キャリングケースの中でおびえてる黒子猫。5ヵ月ほどノラで隠れて生きていたとは思えないくらいおとなしい。2021年9月 アップル iPhone 12 Pro Max

 連れて帰ると借りてあった子猫用のケージに落ち着かせ、翌日、ちょっとは外に出してあげるかなと、書庫兼納戸に使ってる部屋に開放したら……瞬時に消えました。ええ、見事に消えました。子猫ったらちょっと目を離すとどこぞに消えるものなのだけど、相手は黒猫である。暗い部屋の暗いところに隠れられると、まーったくわからない。

 闇の黒猫。恐怖の黒猫。闇夜のカラス並である。

 隠れそうな場所を覗くのだけど、どこを覗いても暗いだけなのだ。参りましたな。そこでの出番。iPhone(このときはまだiPhone 13 Proは届いてないので、iPhone 12 Pro Max)のカメラでいそうなところをそーっと覗き込むと、いた! 肉眼でもよくわからんのに、iPhoneは見つけてくれたのである。なんか自動的に2秒のナイトモードに切り替わるような暗い場所なのに、黒猫の姿を発見したのだ(黄色い枠がそう)。

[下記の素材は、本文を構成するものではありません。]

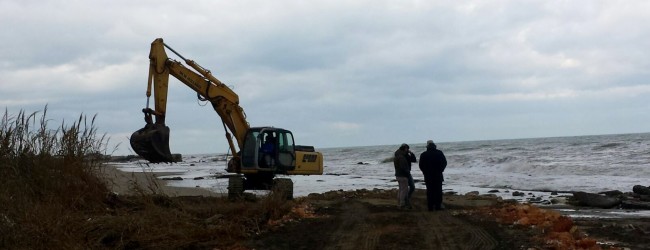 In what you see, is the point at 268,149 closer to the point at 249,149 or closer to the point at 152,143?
the point at 249,149

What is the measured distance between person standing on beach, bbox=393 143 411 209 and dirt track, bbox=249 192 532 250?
118 centimetres

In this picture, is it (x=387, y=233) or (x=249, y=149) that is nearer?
(x=387, y=233)

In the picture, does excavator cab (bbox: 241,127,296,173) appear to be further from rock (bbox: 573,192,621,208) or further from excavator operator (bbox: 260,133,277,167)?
rock (bbox: 573,192,621,208)

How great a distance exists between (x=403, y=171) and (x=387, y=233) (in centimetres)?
471

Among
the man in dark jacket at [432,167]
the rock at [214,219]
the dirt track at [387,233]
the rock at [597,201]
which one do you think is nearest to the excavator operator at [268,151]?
the dirt track at [387,233]

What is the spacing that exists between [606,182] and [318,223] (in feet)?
66.6

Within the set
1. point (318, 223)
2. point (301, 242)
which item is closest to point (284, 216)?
point (318, 223)

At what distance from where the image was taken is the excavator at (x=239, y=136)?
17281mm

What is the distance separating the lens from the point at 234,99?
747 inches

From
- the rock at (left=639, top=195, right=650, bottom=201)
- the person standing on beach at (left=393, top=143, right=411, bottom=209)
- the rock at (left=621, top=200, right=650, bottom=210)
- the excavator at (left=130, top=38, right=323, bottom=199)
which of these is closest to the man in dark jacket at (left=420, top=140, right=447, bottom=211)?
the person standing on beach at (left=393, top=143, right=411, bottom=209)

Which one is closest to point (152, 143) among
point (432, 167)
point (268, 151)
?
point (268, 151)

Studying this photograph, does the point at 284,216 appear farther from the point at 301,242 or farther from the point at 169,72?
the point at 169,72

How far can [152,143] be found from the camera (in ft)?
50.6

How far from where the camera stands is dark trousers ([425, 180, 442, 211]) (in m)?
14.8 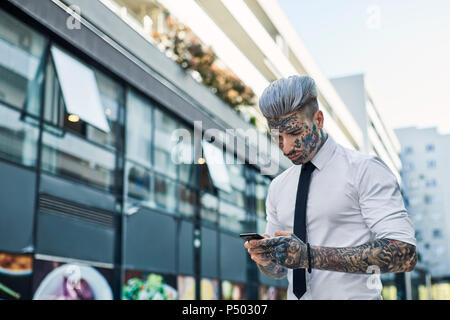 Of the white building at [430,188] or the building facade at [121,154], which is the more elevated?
the white building at [430,188]

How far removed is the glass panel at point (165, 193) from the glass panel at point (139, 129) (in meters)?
0.58

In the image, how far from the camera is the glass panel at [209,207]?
13344 millimetres

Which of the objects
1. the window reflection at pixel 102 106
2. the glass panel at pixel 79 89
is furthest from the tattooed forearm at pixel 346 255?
the glass panel at pixel 79 89

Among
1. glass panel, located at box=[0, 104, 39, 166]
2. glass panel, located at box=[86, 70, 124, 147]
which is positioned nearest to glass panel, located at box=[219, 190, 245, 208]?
glass panel, located at box=[86, 70, 124, 147]

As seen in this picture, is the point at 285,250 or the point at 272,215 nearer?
the point at 285,250

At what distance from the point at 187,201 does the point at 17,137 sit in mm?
5538

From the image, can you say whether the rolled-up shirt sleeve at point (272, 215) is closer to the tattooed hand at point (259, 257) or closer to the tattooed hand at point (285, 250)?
the tattooed hand at point (259, 257)

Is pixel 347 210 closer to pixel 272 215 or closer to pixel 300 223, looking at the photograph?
pixel 300 223

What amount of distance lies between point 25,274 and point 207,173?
21.6 feet

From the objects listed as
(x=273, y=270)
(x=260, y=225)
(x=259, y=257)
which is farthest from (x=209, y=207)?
(x=259, y=257)

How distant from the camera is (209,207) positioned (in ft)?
44.9

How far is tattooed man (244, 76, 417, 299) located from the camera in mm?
1724

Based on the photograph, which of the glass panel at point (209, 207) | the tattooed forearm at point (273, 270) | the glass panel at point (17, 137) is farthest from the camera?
the glass panel at point (209, 207)

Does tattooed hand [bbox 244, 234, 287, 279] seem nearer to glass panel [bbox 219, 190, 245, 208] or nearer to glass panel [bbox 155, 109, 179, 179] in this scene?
glass panel [bbox 155, 109, 179, 179] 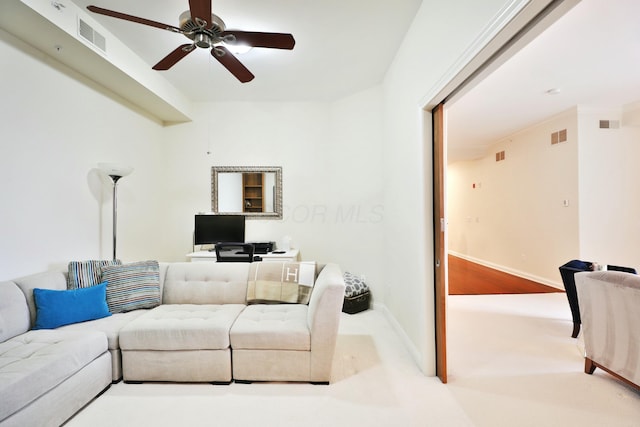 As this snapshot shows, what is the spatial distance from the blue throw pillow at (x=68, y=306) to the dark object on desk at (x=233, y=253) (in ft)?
3.68

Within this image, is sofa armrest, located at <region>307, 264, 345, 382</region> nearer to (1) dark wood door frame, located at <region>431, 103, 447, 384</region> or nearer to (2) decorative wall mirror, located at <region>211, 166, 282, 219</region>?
(1) dark wood door frame, located at <region>431, 103, 447, 384</region>

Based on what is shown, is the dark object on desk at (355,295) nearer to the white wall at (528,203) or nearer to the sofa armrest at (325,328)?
the sofa armrest at (325,328)

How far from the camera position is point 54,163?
2562 millimetres

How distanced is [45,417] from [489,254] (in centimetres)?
746

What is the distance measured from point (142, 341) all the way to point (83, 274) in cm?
87

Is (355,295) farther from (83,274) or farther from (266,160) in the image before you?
(83,274)

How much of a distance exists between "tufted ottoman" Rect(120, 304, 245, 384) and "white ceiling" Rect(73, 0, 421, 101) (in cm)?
249

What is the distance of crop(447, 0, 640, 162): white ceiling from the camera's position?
89.6 inches

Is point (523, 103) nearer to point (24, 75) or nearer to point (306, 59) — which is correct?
point (306, 59)

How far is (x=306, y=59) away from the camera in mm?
3072

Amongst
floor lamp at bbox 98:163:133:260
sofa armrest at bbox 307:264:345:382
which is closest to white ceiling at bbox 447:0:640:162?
sofa armrest at bbox 307:264:345:382

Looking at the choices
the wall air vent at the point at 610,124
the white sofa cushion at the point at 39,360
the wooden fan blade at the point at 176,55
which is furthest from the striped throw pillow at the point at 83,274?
the wall air vent at the point at 610,124

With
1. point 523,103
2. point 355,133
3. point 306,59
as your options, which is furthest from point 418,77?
point 523,103

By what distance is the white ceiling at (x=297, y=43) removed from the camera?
7.47 feet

スクリーンショットを取るときに手ブレしたのでわけわからんけど、確かに真っ黒な塊を黄色い枠で捉えてる。肉眼ではよくわからんのに

 しかも、ちゃんと撮れてるのである。黒い子猫が。

本棚の奥の狭いところに隠れていた黒猫がちゃんと撮れててびっくり。目を開けてくれたおかげで顔もわかる。2021年9月 アップル iPhone 12 Pro Max

 いやあiPhoneのカメラってわけわからんわ。でも、人間が見つけられなければ意味がないわけで、鈴付の首輪をつけることにした。ちょっとでも動いてくれれば音がするので、音を頼りに見つけるのである。音は大事ですな

ペロッとした瞬間。思ったよりきれいな黒なので(胸元にちょっと白い毛が混じってるくらい)、目と舌がアクセント。金色の鈴もちらっと見えてる。2021年9月 アップル iPhone 12 Pro Max

 猫の名前は「みるっこ」に決まった。肉球が珈琲豆みたいだったから、珈琲好きにしか元ネタが分からない名前にしてみた。

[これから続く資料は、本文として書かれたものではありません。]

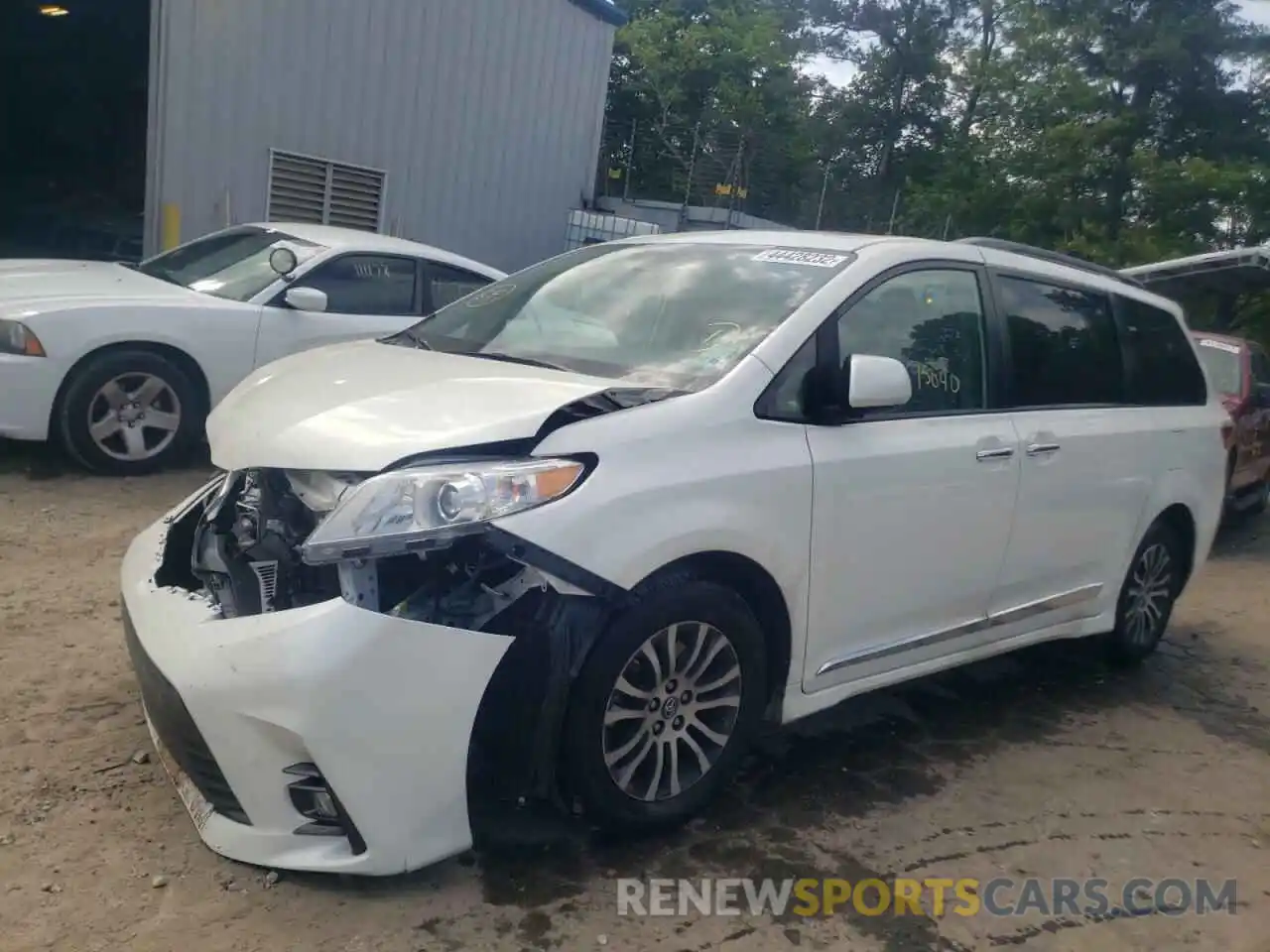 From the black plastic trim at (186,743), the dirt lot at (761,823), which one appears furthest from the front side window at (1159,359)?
the black plastic trim at (186,743)

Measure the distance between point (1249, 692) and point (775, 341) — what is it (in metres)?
3.51

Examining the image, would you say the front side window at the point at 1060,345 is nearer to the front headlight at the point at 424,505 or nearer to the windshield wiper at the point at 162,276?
the front headlight at the point at 424,505

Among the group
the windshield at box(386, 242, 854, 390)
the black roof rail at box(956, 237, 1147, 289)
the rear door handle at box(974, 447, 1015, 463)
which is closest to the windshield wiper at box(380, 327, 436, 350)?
the windshield at box(386, 242, 854, 390)

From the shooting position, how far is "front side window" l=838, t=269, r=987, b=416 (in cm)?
369

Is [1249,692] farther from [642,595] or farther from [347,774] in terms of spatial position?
[347,774]

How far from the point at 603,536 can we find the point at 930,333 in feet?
5.48

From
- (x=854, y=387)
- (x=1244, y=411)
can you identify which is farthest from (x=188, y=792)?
(x=1244, y=411)

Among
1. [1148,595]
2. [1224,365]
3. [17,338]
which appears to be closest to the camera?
[1148,595]

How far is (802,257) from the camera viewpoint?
3.80 m

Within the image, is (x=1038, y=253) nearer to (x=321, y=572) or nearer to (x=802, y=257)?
(x=802, y=257)

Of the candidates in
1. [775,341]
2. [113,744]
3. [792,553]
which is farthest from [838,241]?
[113,744]

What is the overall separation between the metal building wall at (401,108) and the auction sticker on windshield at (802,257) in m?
8.49

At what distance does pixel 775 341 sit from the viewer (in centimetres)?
340

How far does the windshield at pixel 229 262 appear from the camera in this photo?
22.3 ft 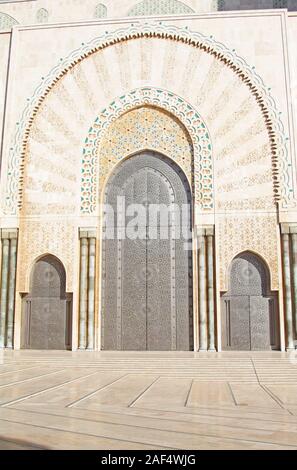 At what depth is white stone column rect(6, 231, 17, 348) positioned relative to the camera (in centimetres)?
706

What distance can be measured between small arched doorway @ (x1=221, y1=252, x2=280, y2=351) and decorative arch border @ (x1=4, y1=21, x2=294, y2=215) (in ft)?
3.40

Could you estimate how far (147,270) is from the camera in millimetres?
7156

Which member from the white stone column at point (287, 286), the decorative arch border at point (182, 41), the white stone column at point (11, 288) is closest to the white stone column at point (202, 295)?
the white stone column at point (287, 286)

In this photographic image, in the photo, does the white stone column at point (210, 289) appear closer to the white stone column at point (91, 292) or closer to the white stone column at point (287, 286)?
the white stone column at point (287, 286)

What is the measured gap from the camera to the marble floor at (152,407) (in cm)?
170

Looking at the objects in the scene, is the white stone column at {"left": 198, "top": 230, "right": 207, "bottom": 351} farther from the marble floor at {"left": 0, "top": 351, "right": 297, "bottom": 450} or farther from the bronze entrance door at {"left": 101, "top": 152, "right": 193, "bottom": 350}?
the marble floor at {"left": 0, "top": 351, "right": 297, "bottom": 450}

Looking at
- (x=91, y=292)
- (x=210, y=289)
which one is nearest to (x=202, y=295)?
(x=210, y=289)

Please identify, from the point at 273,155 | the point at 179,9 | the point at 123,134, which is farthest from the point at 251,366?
the point at 179,9

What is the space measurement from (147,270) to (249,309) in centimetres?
155

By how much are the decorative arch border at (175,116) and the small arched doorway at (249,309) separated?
104cm

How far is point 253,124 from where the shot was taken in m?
7.21

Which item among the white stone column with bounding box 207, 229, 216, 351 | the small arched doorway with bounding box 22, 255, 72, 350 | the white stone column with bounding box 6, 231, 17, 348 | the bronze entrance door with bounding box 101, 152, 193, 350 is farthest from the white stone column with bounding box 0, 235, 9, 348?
the white stone column with bounding box 207, 229, 216, 351

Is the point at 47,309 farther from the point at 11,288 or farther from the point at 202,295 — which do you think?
the point at 202,295

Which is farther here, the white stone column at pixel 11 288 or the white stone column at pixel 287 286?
the white stone column at pixel 11 288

 そして1週間たち、新しいiPhoneがApple Storeから届いたのである(いつも、SIMフリーのiPhoneをApple Storeで買ってるのだ)。とりあえず、バンパーケースを装着したiPhone 13 Proとみるっこを一緒に撮ろうと目の前に置いてカメラを構えたら、こら、かじるな!

グラファイトのiPhone 13 Pro。カメラ部分が大きくて飛び出てる。装着したバンパーもカメラ部を保護するために出っ張りが大きいので囓りやすそう

 こら、踏むな!

同じくグラファイトのiPhone 13 Pro。まったくもってじっとしててくれない上に、しかも思い切り踏まれた……

 まあそんな感じで冒頭写真がiPhone 13 Proで撮ったもの。これ、ソファーの裏に隠れてるのだ。左側の赤いのがソファの背(猫の爪痕がひどいので布を被せてある)、右側が壁。その隙間に入り込んじゃったのだ。でもナイトモードでちゃんと撮れたのである。暗いところに隠れた黒猫も撮れるiPhone 13 Proだ。

 そのiPhone 13 Proであるが、メインカメラである広角カメラのレンズがF1.5と明るくなった上にセンサーサイズもちょっと大きくなったので、以前より暗所に強くなった上に、近距離で撮ると背景が以前よりボケる。ポートレートモードも何も使わずに普通に撮った写真をどうぞ。顔にピントがあって背景がいい感じにボケてる。

スマートHDRがよく聞いて、逆光なのに顔の明るさも完璧。みるっこはかなりきれいな黒猫だ。2021年9月 アップル iPhone 13 Pro

 まだちょっと使っただけだけど、全体に「寄れる」ようになった、つまり以前より近くまでピントが合うようになった気がする。飼い猫を撮るにはすごくありがたい。もっとぼかそうと思ったらポートレートモードだ。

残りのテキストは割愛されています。